═══ MATERIAL PROVIDED
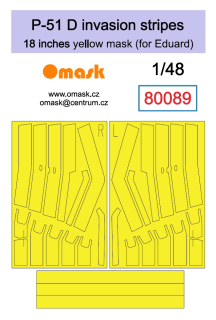 80089 1/48 P-51 D invasion stripes 18 inches - yellow mask (for Eduard)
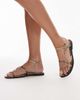 Topshop Topshop Kali strappy flat sandals in snake-Multi - 1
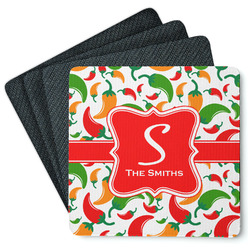 Colored Peppers Square Rubber Backed Coasters - Set of 4 (Personalized)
══════
◆ **WHAT TO DO**: Copy out the listing word for word and skip its pictures.

◆ **SOLUTION TO THE EXERCISE**:
 80089 1/48 P-51 D invasion stripes 18 inches - yellow mask (for Eduard)
 Topshop Topshop Kali strappy flat sandals in snake-Multi - 1
 Colored Peppers Square Rubber Backed Coasters - Set of 4 (Personalized)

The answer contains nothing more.